The calculated average ΔGBind of the complex Butyl Xanalterate, Fumiquinazoline Q and Silmitasertib, in complex with the protein kinase CK2α subunit was found − 74.41 kcal/mol, − 34.6 kcal/mol and − 40.86 kcal/mol, respectively. A more negative value shows stronger binding, the highest ΔGBind was seen for the Butyl Xanalterate-3PE1complex, this value is significantly higher than that observed for the standard Silmitasertib-3PE1 complex. Furthermore, vdW and H-bond interactions are important contributors to ligand binding in all cases; however, it seems ΔGLipo may also significantly affect the binding free energy of Butyl Xanalterate-3PE1 complex. Thus, based on binding free energy values, the order of best compounds is Butyl Xanalterate > Silmitasertib > Fumiquinazoline Q.

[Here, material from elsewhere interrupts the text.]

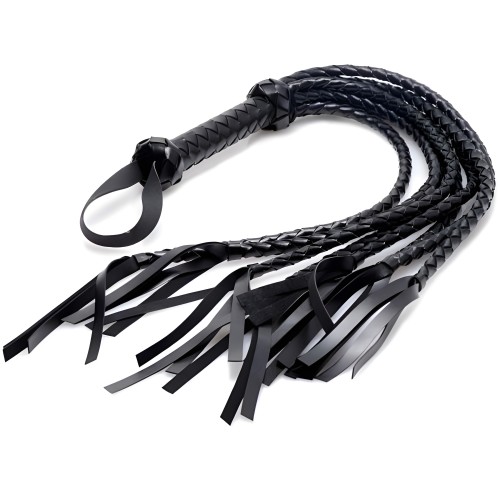 8 Tail Braided Flogger - Black Leather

The present study should be viewed with some considerations. First, the investigations that were conducted to show the association of CSNK2A1 with i) short TTFT, ii) short OS, and iii) survival and proliferation-dependent pathways in CLL cells was entirely based on gene expression rather than protein expression (which is the main functional molecule in a cell). While the central dogma of molecular biology states that gene expression correlates with protein expression, some genes do not follow this pattern134. In this work, we carefully searched for CLL proteomics data sets with available clinical information about OS and TTFT in public depositories, such as National Center for Biotechnology Information (NCBI), Protein Atlas and The Cancer Genomic Atlas (TCGA), but we could not find any. The only available data sets that fit with the goal of our study were the two CLL transcriptomics data sets used here. Therefore, in our future work, we will evaluate the protein expression and the kinase activity of CK2α in CLL cells isolated from CLL patients to confirm its prognostic value in the disease. Second, although the identification of Butyl Xanalterate as a competent inhibitor of CK2α was based on rigorous in silico approach, confirming this finding using wet lab experiments is needed. Consequently, in our future work, we will compare the therapeutic potential of Butyl Xanalterate with that of CX-4945 using wet lab experimental settings to determine if Butyl Xanalterate is stronger inhibitor of CK2α and more competent than CX-4945 in causing CLL cells undergo apoptosis.